My first contribution to Fourth World Review was published in 1982 and was called The Fourth Way (1982 fwr20). My next piece was not until four years later when I wrote a Letter from America in the form of a book review entitled Cities, Tribes & Empowerment (1986 fwr29). In 1987 a piece of published correspondence with the title Tutorial on Work (1987 fwr22) was published followed by two articles in 1988…The Future of The Home (1988 fwr27) and Moneyquakes (1988 fwr28). I rounded off my published works for the 1980s with two articles…A Nation of Gardeners (1989 fwr31) and a published correspondence piece on Money & Debt (1989 fwr34).
These eight published pieces set the agenda for my political research over the next two decades. In my 1998 Literary Record my unpublished work was divided up into Radioscripts and Manuscripts. Proverbial Talks (1987) was the only radioscript I showed to anyone.
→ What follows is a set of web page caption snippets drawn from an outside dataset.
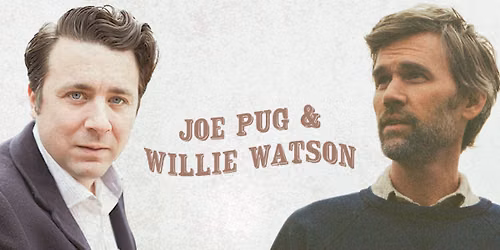 Joe Pug & Willie Watson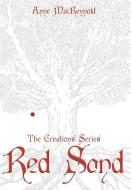 Red Sand di Anne MacReynold edito da Proving Press
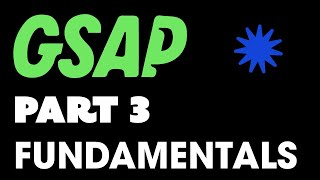 GSAP Tutorial  Part 3  Fundamentals [upl. by Mikol]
Later it was incorporated into a course given at Färnebo Folkhögskola and is well-suited for an Advanced English Course for Chinese Students…a sequel to the Swedish politics book.
There were three other radioscripts in my 1980s listing…Report from a Swedish Village (1988); Ribbons, Robbers & Robins (1988) and a comedy sketch The Karlsson Affair (1989)….and six manuscripts were…Education for a Virtuous Society (1983)…from my time in Early Childhood Education in Boston; Birmingham as Number One (1986); The Jewish Question (1987); Let The People Sing (1988); Maps Mapping & Modelling (1989) and Green Houses or Blue Moonwaves (1989). Those last two have an interesting provenance…but more on that another day.